Seine Show wird sieben – doch hat Harald Schmidt seine alten Mitstreiter vergessen

Natürlich ist er immer noch der Größte, der Beste von allen, die Lichtgestalt, ach was: der Heilsbringer des deutschen Fernsehens. Obwohl von Beruf Entertainer, vermag der Mann mehr: Es soll Menschen geben, die darauf schwören, bei Liebeskummer die Harald Schmidt Show zu schauen. Danach, behaupten sie, wisse man, wie man alles, auch den Schmerz, mit Würde erträgt – ein guter Gag reicht ja meistens, um den Dingen des Lebens die Maske vom Gesicht zu reißen. Kommt man leider ohne Harald Schmidt höchst selten von selbst drauf.
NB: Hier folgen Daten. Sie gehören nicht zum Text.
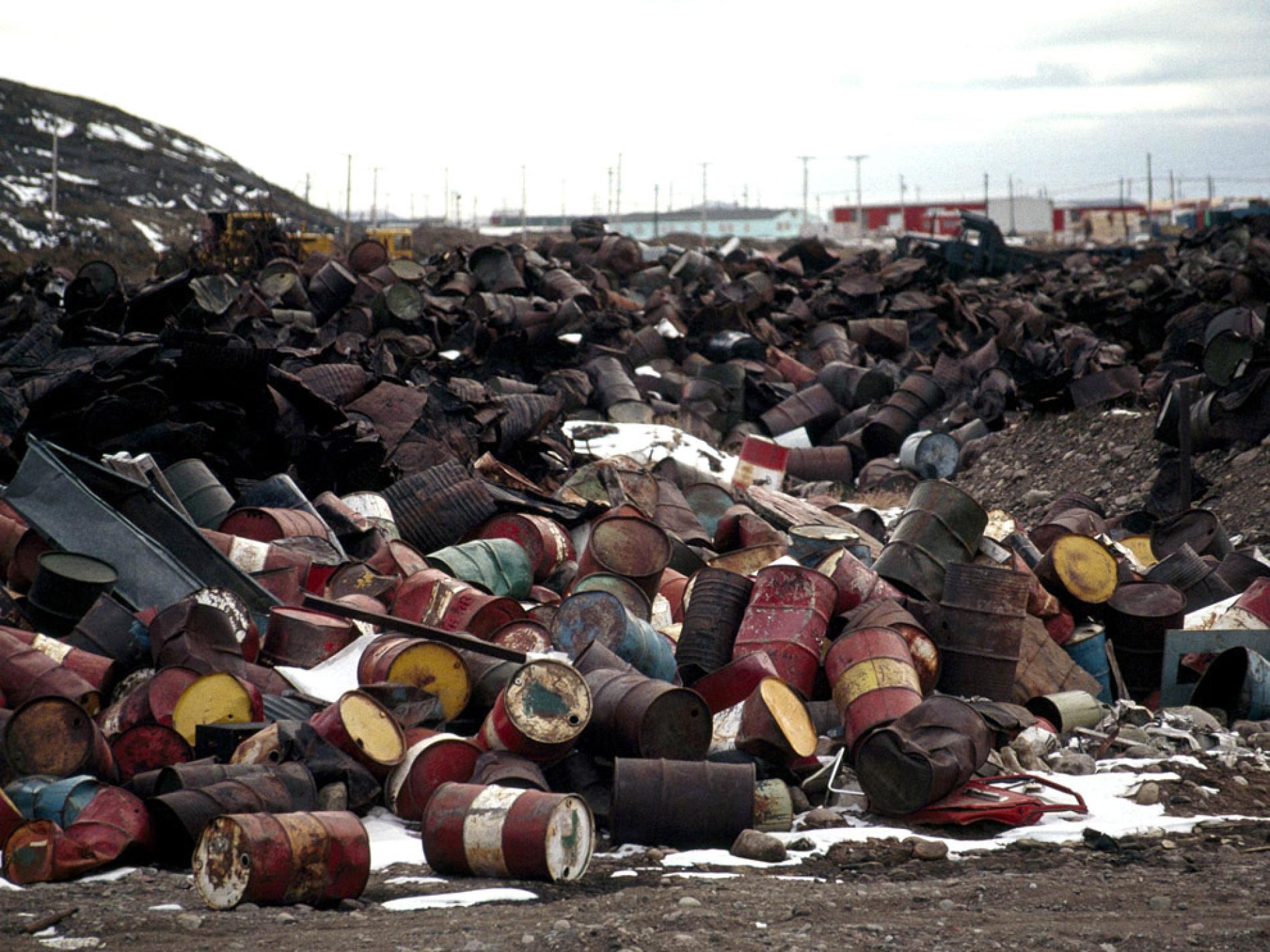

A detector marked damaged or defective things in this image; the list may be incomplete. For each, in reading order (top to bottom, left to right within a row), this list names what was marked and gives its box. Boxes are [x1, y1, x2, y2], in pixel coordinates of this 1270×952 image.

rusty oil drum [476, 516, 578, 583]
rusty oil drum [578, 513, 676, 601]
rusty oil drum [877, 484, 995, 601]
rusty oil drum [676, 564, 754, 684]
rusty oil drum [733, 564, 840, 700]
rusty oil drum [936, 561, 1032, 700]
rusty oil drum [476, 657, 596, 764]
rusty oil drum [586, 663, 717, 759]
rusty oil drum [823, 628, 925, 754]
rusty oil drum [194, 812, 372, 909]
rusty oil drum [382, 732, 481, 823]
rusty oil drum [420, 780, 594, 882]
rusty oil drum [610, 759, 754, 850]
Sein siebtes Jahr bringt er jetzt hinter sich, ein Ende ist nicht abzusehen. Klar: Vereinzelt weist Schmidt Abnutzungserscheinungen auf, aber meistens unterhält er doch brillant. Das liegt auch daran, dass er sich in den vergangenen sieben Jahren immer wieder von funktionierenden Mechanismen getrennt hat, die seine Show ausmachten: Von den Chinesen Lee und Wang, von den dicken Kindern von Landau, von „deutschem Wasser“, von seinem Postboten Letterman, von dem Satzanfang: „Heute morgen, um 4 Uhr 11, als ich von den Wiesen zurückkam, wo ich den Tau aufgelesen habe…“ Vieles kommt in der Show nicht mehr vor, nicht einmal als Selbstzitat. Einer wie Schmidt, der das Fernsehen versteht wie kein zweiter, schaut eben nicht zurück, niemals. Und das hat vielleicht auch etwas mit Würde zu tun.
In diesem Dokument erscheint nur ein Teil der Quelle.